# Exercise objective
The entries below contain a stretch that opens with the line containing "BUMBU PECEL KARANG" and closes with the line containing "cenicero cristal personalizado"; set down that stretch exactly, both ends included, and nothing else.

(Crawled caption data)
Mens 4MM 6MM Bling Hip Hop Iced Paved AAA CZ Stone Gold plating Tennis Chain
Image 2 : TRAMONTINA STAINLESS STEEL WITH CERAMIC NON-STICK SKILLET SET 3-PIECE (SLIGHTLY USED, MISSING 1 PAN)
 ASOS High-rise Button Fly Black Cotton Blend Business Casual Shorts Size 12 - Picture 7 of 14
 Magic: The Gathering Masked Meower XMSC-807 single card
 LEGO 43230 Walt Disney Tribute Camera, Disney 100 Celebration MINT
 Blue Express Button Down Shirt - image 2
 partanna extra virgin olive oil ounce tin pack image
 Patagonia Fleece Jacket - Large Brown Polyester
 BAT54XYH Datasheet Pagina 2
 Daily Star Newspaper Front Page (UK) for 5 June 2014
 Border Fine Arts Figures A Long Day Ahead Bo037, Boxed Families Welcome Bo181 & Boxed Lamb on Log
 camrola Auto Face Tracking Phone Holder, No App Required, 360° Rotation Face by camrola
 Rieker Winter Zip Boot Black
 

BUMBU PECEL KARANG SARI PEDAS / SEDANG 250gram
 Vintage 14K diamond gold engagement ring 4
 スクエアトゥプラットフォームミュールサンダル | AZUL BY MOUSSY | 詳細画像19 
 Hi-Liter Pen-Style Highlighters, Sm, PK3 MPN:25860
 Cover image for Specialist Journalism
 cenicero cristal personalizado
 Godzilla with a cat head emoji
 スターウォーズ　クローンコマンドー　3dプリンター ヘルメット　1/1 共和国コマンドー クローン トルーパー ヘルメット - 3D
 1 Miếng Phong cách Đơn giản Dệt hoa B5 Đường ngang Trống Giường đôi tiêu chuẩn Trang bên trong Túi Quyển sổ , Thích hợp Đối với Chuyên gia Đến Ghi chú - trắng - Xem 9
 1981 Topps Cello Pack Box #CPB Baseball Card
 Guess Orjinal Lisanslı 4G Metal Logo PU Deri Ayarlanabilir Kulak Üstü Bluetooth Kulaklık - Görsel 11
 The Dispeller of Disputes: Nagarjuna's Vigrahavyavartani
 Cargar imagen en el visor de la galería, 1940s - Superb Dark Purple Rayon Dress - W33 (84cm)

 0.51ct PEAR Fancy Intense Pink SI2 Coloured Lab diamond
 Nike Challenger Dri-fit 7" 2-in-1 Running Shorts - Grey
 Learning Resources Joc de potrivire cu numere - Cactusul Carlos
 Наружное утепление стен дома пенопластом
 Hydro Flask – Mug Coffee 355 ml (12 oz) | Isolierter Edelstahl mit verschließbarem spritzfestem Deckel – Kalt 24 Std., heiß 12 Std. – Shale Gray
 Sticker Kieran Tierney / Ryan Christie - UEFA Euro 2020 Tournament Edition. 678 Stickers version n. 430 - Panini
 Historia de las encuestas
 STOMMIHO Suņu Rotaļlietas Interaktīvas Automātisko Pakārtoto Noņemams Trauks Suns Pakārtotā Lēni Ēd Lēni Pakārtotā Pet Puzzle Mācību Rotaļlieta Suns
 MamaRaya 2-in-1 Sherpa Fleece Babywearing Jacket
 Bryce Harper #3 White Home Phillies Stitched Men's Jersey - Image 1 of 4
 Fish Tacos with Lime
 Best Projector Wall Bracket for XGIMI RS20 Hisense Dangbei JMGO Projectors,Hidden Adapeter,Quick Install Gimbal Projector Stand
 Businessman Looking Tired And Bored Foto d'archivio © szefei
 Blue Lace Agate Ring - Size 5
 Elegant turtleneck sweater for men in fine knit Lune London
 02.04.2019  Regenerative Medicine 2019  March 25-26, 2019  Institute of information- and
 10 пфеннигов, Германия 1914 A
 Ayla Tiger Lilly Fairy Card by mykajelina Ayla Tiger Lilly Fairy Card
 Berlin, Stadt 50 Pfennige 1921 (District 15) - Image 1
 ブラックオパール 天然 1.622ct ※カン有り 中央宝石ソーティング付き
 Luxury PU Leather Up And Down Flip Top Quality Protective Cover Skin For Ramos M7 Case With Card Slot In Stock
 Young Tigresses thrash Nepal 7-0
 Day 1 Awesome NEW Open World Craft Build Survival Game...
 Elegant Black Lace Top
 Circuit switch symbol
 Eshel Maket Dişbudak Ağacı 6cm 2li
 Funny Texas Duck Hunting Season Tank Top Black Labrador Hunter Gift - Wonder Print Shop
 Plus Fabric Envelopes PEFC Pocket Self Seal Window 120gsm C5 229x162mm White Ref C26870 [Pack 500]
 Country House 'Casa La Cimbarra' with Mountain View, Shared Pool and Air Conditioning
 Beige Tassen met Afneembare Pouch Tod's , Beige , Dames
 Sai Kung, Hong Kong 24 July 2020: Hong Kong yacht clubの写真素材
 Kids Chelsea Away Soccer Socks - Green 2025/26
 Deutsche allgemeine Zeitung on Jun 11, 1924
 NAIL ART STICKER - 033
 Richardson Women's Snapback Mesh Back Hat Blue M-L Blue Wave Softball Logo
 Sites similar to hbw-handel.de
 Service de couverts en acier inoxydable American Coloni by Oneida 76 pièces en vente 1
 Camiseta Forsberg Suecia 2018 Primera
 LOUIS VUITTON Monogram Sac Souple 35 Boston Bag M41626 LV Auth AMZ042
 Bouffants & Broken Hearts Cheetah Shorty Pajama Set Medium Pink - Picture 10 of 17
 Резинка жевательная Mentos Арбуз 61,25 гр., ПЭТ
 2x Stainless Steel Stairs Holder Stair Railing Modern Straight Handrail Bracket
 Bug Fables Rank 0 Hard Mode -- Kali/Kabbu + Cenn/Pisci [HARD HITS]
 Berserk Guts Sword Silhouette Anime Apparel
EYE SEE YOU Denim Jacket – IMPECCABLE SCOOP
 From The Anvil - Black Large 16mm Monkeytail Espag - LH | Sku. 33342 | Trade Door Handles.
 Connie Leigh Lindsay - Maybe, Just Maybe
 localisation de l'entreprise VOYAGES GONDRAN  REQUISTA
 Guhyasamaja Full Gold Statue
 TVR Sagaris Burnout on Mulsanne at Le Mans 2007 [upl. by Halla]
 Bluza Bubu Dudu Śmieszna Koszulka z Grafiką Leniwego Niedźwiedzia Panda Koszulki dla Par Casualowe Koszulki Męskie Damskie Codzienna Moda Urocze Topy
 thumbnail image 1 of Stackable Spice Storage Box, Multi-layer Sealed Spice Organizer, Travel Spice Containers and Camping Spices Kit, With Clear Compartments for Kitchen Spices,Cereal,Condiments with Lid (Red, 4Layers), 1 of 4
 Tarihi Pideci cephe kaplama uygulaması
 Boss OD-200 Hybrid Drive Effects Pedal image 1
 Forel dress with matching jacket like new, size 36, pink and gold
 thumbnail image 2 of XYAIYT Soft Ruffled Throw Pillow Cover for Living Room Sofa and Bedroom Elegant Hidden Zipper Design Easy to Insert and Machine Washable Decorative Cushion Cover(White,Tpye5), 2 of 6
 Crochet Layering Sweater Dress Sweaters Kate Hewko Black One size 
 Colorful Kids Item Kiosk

# Response
BUMBU PECEL KARANG SARI PEDAS / SEDANG 250gram
 Vintage 14K diamond gold engagement ring 4
 スクエアトゥプラットフォームミュールサンダル | AZUL BY MOUSSY | 詳細画像19 
 Hi-Liter Pen-Style Highlighters, Sm, PK3 MPN:25860
 Cover image for Specialist Journalism
 cenicero cristal personalizado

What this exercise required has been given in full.